1) In a language in which all these abstraction mechanisms are present and
used, which one should we use for a given problem? This will often be the
kind of tradeoff you are explaining, where sometimes monkey patching or
multimethods win. Indeed, the Cajita runtime library as implemented on ES3
internally monkey patches some of the ES3 primordials. Were I programming in
Common Lisp and trying to make use of preexisting ibraries, I'm sure I'd use
multimethods and packages. OTOH, Common Lisp's bloat and incoherence is one
of the reasons I've always avoided it.

2) In a language with an adequate set of good abstraction mechanisms and
already burdened by a plethora of bad or broken abstraction mechanisms, when
is it worth adding a new abstraction mechanism?

The bar on #2 must be much higher than #1. If the language in the absence of
the proposed abstraction mechanism already has some pleasant formal
properties that the addition of the new mechanism would destroy, then the
loss of this property must be added as a cost in assessing #2. But not #1,
since that battle is already lost.

> The Cecil-style operator overloading argument, extended to this example,
> would enable a fourth option
>    4) Allow module M2 to say how w should respond to foo.
> I grant that #4 is not as bad as #2c. But does anyone care to argue that #4
> would be a good thing in general?
> Sure, and I've given references to some of the papers. There are others,
> about Dylan as well as Cecil. Here's a talk that considers "design patterns"
> (double dispatch with "reverse-foo" operators are pattern-y) to be
> workarounds for bugs in the programming language at hand:
> http://www.norvig.com/design-patterns/
> Complete with multimethods!

Well, Peter's my boss, so I concede the case. Let's add multimethods. Just

Actually, thanks for the link. I hadn't seen it before, and it is a nice

> If not, why would #4 be ok for operators but not method or function calls?
> Straw man, happy to knock it down.


> I never said your item 4 wasn't ok for methods and function calls --
> operators are the syntactic special form here, the generalization is either
> to methods (double-dispatched) or function (generic functions, operator
> multimethods).
> The ES4 proposal (
> http://wiki.ecmascript.org/doku.php?id=proposals:generic_functions) for
> generic functions/methods indeed subsumed the operators proposal that
> preceded it. I'm not trying to revive it wholesale, please rest assured. But
> I am objecting to circular (or at best incomplete) arguments for dyadic
> operators via double dispatch of single-receiver methods.
> As I've written before, if double dispatch is the best we can agree on for
> Harmony, then I'm in. But we should be able to agree on the drawbacks as
> well as the benefits, and not dismiss the former or oversell the latter.

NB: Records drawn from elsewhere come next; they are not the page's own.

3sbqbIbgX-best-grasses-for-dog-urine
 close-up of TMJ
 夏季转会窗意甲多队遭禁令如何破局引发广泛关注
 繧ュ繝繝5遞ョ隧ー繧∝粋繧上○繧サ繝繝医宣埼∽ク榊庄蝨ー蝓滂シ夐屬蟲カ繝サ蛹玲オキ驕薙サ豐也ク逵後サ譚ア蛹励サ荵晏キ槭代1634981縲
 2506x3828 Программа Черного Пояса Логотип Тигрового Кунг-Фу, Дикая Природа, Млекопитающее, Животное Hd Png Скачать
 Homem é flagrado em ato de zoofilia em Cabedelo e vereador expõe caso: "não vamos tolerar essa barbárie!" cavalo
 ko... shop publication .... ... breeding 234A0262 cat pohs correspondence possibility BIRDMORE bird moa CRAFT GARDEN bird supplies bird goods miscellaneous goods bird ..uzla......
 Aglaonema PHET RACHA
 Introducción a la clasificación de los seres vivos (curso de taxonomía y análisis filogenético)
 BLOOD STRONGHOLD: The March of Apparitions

I certainly agree that it's good to have a more complete enumeration of the
pros and cons. I think we largely agree on many of these but disagree on the
weights. JavaScript today has adequate support for modularity and
abstraction, and is mostly understandable. ES5/strict even more so. Common
Lisp and PL/1 never were understandable. And Common Lisp is highly
immodular. I agree that ES6 should grow some compared to ES5, but I highly
value retaining ES5/strict's modularity, simplicity, understandability.